What you are asked to do:
Repeat the records below exactly from the line containing "Zona de bar" to the line containing "Small child standing", taking in both of those lines. Drop the pictures.

Source information:
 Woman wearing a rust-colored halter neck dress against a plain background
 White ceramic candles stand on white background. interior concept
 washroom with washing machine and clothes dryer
* * *
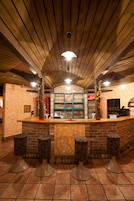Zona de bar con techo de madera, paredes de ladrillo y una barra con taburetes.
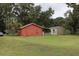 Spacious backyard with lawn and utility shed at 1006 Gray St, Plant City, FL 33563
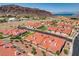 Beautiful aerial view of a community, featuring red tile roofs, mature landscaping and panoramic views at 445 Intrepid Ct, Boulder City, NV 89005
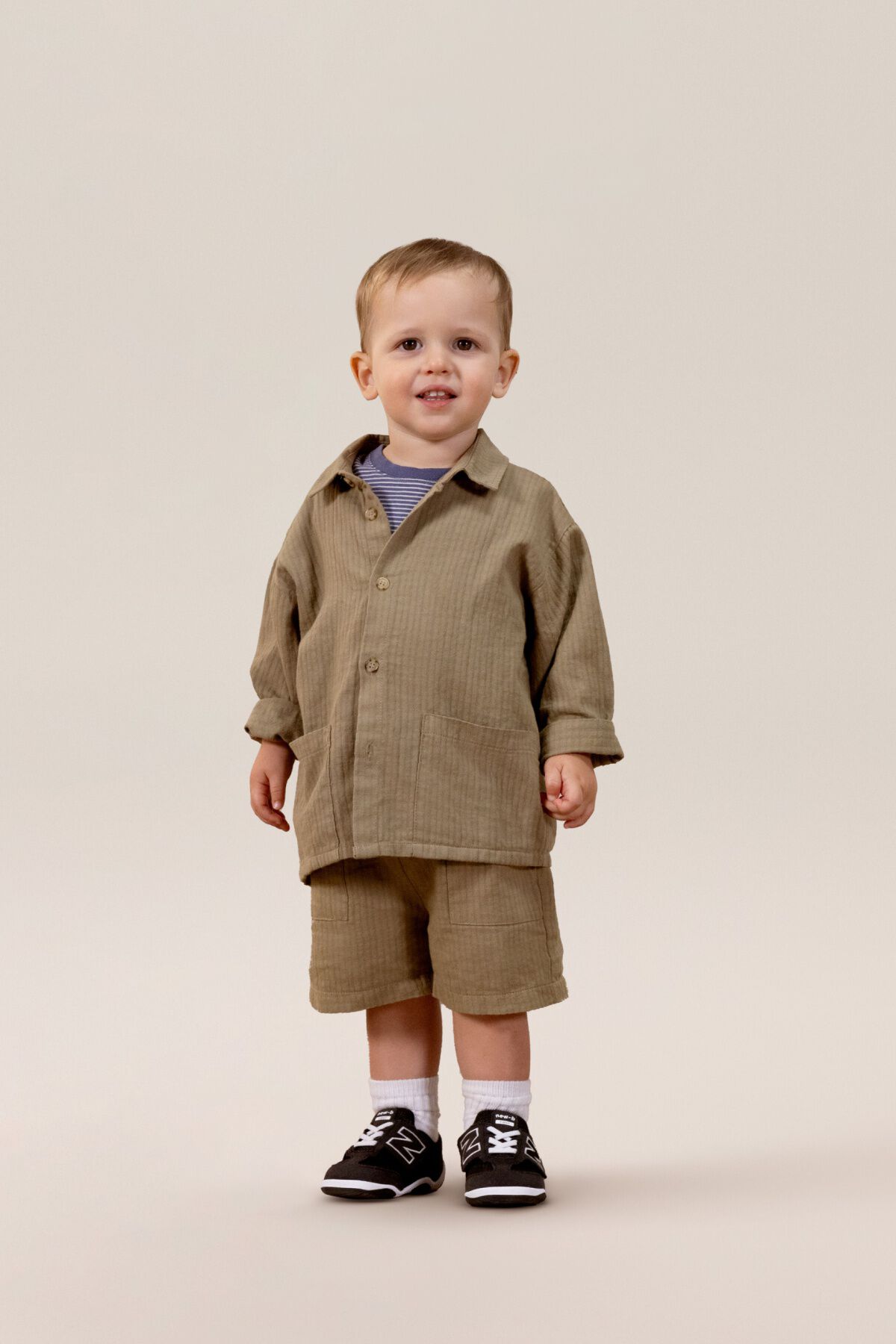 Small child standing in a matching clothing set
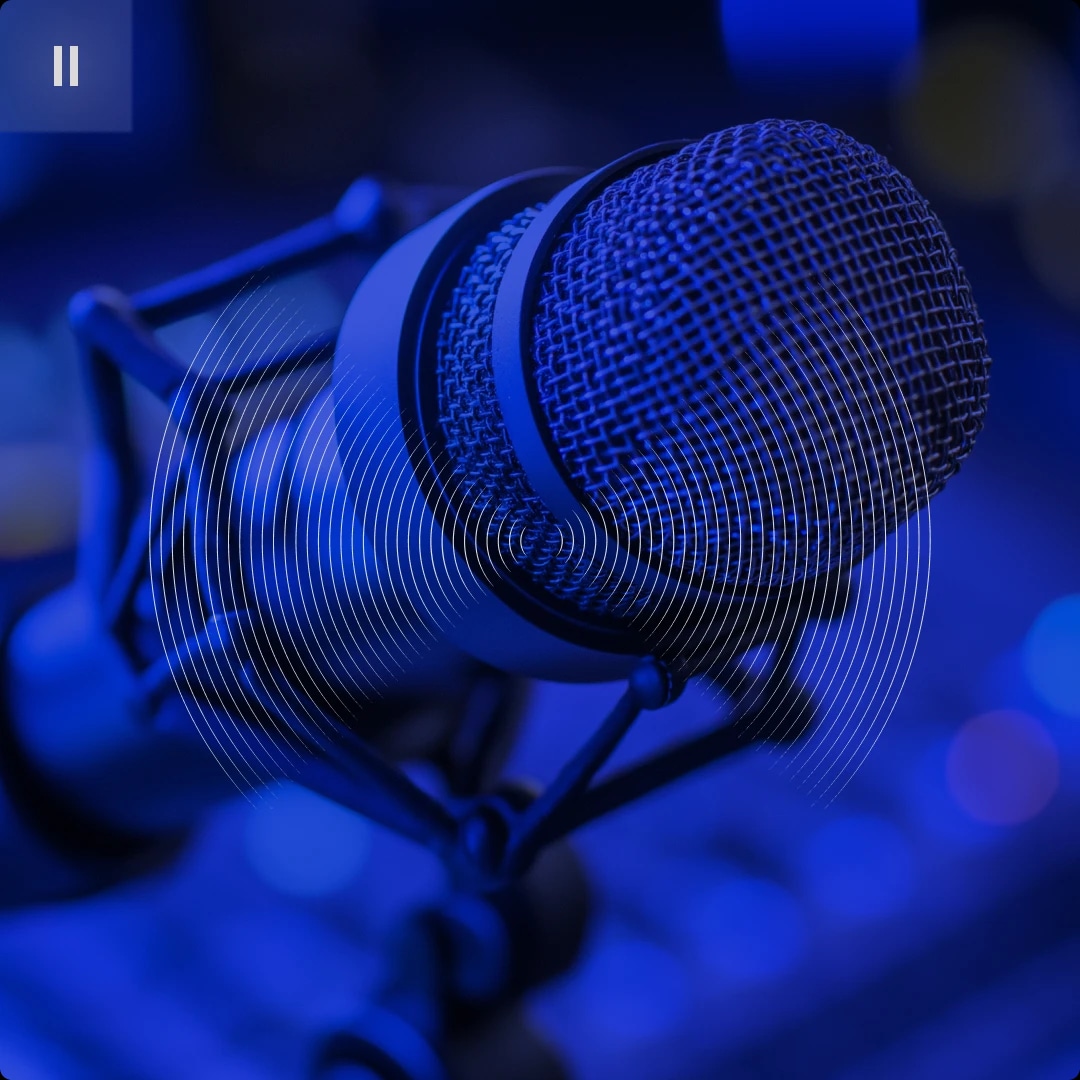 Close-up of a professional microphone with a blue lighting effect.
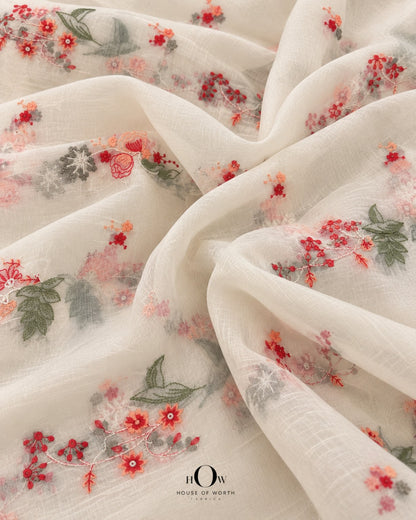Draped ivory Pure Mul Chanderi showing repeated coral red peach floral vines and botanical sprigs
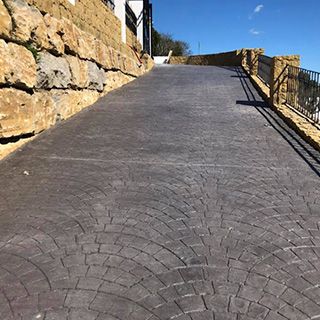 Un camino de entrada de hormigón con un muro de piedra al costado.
--
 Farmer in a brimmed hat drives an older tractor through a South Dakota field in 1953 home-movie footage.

Answer space:
Zona de bar con techo de madera, paredes de ladrillo y una barra con taburetes.
 Spacious backyard with lawn and utility shed at 1006 Gray St, Plant City, FL 33563
 Beautiful aerial view of a community, featuring red tile roofs, mature landscaping and panoramic views at 445 Intrepid Ct, Boulder City, NV 89005
 Small child standing in a matching clothing set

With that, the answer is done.